Do your brain a favor with the Walnut Room
's spinach salad.
With finals on the way, you need to be sure you're functioning at peak capacity. Here are a few foods to feed your brain—along with your belly—and some of the best places to find them:
Eggs at Lula Cafe
Eggs have gotten a bad rap over the past few decades for being artery-clogging cholesterol bombs. But the incredible, edible egg is a superfood, containing loads of beneficial fats, B vitamins and choline—a nutrient that transmits signals between nerves and muscles. Choline is also a vital component in the fatty cell membranes that make up the physical bulk of the brain.
So maybe we can thank the preponderance of stellar brunch spots all over town for making Chicagoans such a bright, responsive bunch. Fabulous benedicts and quiches and imaginative egg dishes grace plates from the Bongo Room to M. Henry to any one of the Orange branches, but the strada at Lula has my heart; it's elegant, fluffy and the perfect size. If you're looking for something a little heartier, the breakfast burrito is one of the best on the west side. Lula also offers organic, cage-free eggs for an additional charge.
Sushi from Tanoshii
Fish: It's the quintessential brain food—high in Omega-3 fatty acids, fish helps build gray matter and cell membranes. However, studies show that high cooking temperatures can compromise the health benefits of oils containing Omega-3s, so to get the biggest bang in the brain for your buck, do it raw. Salmon is considered the best (great news for us spicy sake maki aficionados) but if you find yourself at Sushi Mike's counter in Andersonville, be sure to try whatever is on special; it's sure to be the freshest, most inspired cut on the menu. Wise patrons keep their mitts off the soy sauce—smothering the chef's artistry in brine is a major faux pas at this establishment. Besides, the buttery play of avocado and salmon on your taste buds is an intellectual experience in its own right.
Spinach salad at the Walnut Room
Vegetarians needn't despair: The one food higher in Omega-3 fatty acids than salmon (besides flax seeds, but that's for a different story) is the mighty walnut. This legendary restaurant in the Department Store Formerly Known as Marshall Field's serves the title ingredient in its signature spinach salad. The combo is a veritable brain feast; spinach is high in folic acid, which has been shown to improve memory and overall cognitive function as well as fight depression—which has an insidious way of creeping in as the days get shorter. And if you don't care for food with a face but do want to please the relatives, the historic Walnut Room provides enough elegant downtown distraction and familiar American fare to keep your visiting aunt from shooting disapproving glances at your meatless selection.

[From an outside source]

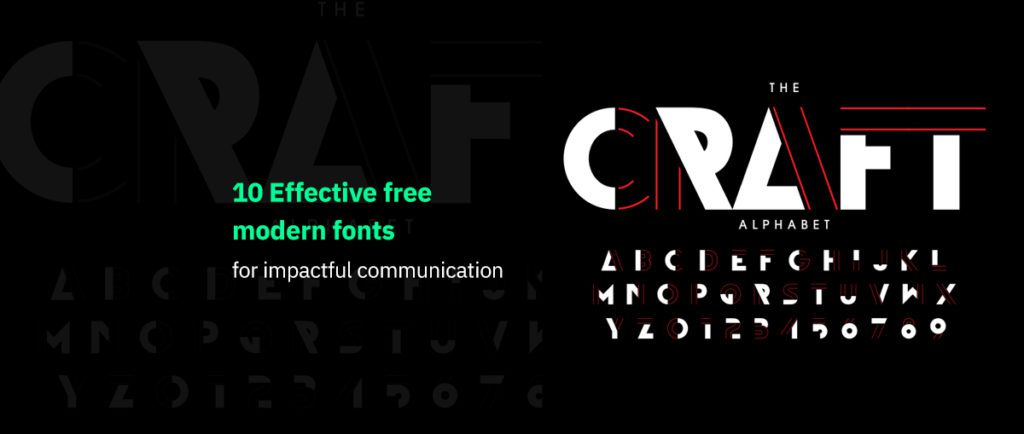 10 Effective free modern fonts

Coffee from Metropolis Coffee Co.
Despite my exhaustive, highly biased research, I found no scientific evidence that coffee does anything to boost brain functioning. The closest I came was one study that indicated there are two kinds of people: those who are dependent on caffeine to tweak their wits and those who are not. As a long-time member of the former camp I hereby denounce these findings as complete bunk. Anyone who's pulled an all-nighter will testify to the near-magical mind-enhancing powers of the bitter bean, particularly after a night of imbibing the harder stuff. One should also factor in the erudite atmosphere of the coffee shop itself; just walking into a laptop-and-textbook-laden joint like Metropolis—which draws scholars from both Loyola and Northwestern Universities—makes you feel a few ticks smarter.
In five short years Jeff and Tony Dreyfuss have turned their Edgewater roastery into a local empire. Independent coffee houses across the city carry Metropolis beans. Take one sip of Good Soldier Schweik's Ottoman Adventures blend and you'll understand why the father-son team landed Microroaster of the Year for 2007 in Roast Magazine. Brilliant!